General characteristics in Dutch service
- Class & type: 50-gun ship of the Third Charter; ship of the line;
- Length: 143 ft 0 in (43.6 m) (gundeck); in Amsterdam feet this equalled 154½
- Beam: 39 ft 11 in (12.2 m); in Amsterdam feet this equalled 43
- Depth of hold: 18 ft 6 in (5.6 m); in Amsterdam feet this equalled 20
- Propulsion: Sails
- Sail plan: Full-rigged ship
- Armament: 50 guns of varying sizes

General characteristics in British service
- Class & type: 56-gun third rate; ship of the line;
- Tons burthen: 1,047 87⁄94 (bm)
- Length: 144 ft 7 in (44.1 m) (gundeck); 118 ft 7 in (36.1 m) (keel);
- Beam: 40 ft 10 in (12.4 m)
- Depth of hold: 16 ft 5 in (5.0 m)
- Propulsion: Sails
- Sail plan: Full-rigged ship
- Armament: As originally fitted at Chatham; Lower gundeck: 22 × 24-pounder guns; Upper gundeck: 24 × 12-pounder guns; Quarterdeck and forecastle: 8 × 6-pounder guns; After rearmament; 20 × 24-pounder guns; 20 × 18-pounder guns; Subsequently added; Quarterdeck: 6 × 6-pounder guns; Forecastle: 2 × 6-pounder guns;

= Dutch ship Batavier (1779) =

Ship of the line of the Dutch States Navy

Batavier was a 56-gun ship of the line of the Dutch States Navy. Launched in 1779, she was organisationally part of the Admiralty of Amsterdam and served at the Battle of Dogger Bank during the Fourth Anglo-Dutch War. In 1795 Batavier became part of the new Batavian Navy, and on 30 August 1799 was captured by British forces during the Vlieter incident of the Anglo-Russian invasion of Holland. The Royal Navy brought her to England and commissioned the vessel as HMS Batavier in 1801. She was used in various subsidiary roles until being broken up in 1823.

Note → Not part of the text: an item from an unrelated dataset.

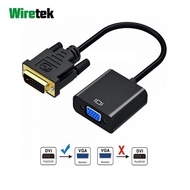 DVI-D to VGA WIRETEK Adapter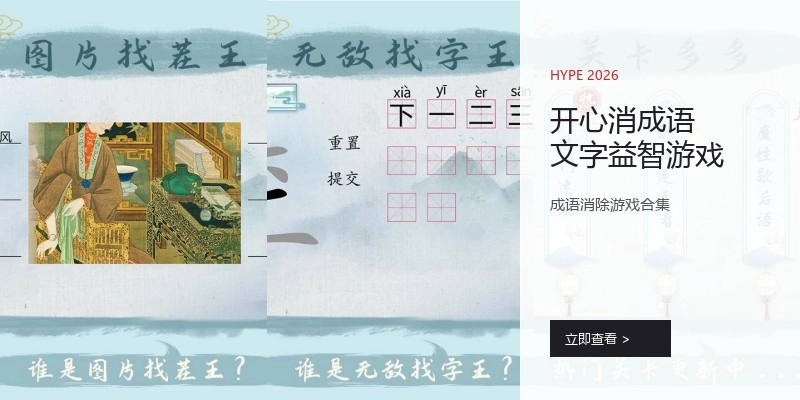 开心消成语文字益智游戏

==Dutch career and capture==

The order to construct the ship was given by the Admiralty of Amsterdam. The ship was laid down on 8 September 1777, launched on 18 February 1779 and commissioned in 1780.
On 5 August 1781, Batavier took part in the Battle of Dogger Bank under Captain Wolter Jan Gerrit Bentinck. Batavier sailed in the middle of the Dutch line, between the ships and . She was engaged by three British ships, and became unmanageable after a fire broke out. The battle, while indecisive tactically, resulted in a strategic British victory and afterwards Batavier was towed to Texel. Bentinck later died wounds he received in the battle.

In 1795, following the French occupation of the Netherlands during the French Revolutionary Wars, the ship was commissioned in the Batavian Navy. On 11 October 1797 Batavier took part in the Battle of Camperdown under Captain Jan Jacob Souter. Early in the battle, the ship was under heavy fire, but soon she drifted off, and she eventually left the scene and fled to Texel. On 30 August 1799 the ship was surrendered to a British fleet under Vice-Admiral Andrew Mitchell during the Vlieter incident, even though Batavier was the only ship of the Dutch fleet where no mutiny had broken out.

==Royal Navy career==

Batavier was sailed to Britain and underwent refitting at Chatham Dockyard between 14 July 1800 and 15 July 1801 for use as a floating battery. She was officially established in February 1801 and was commissioned in June 1801 as HMS Batavier under Captain William Robert Broughton for service in the English Channel. Broughton was succeeded in April 1803 by Captain Patrick Tonyn, and in August 1804 she was laid up at Chatham. She was moved to Woolwich Dockyard in April 1809, where she functioned as a hospital ship under the command of Lieutenant Thomas Dorsett Birchall. This service lasted until January 1817, after which she was moved to Blackwall to receive distressed seamen. Her final service was to be fitted out at Woolwich as a prison ship. She was based at Sheerness from September 1817, and was finally broken up there in March 1823.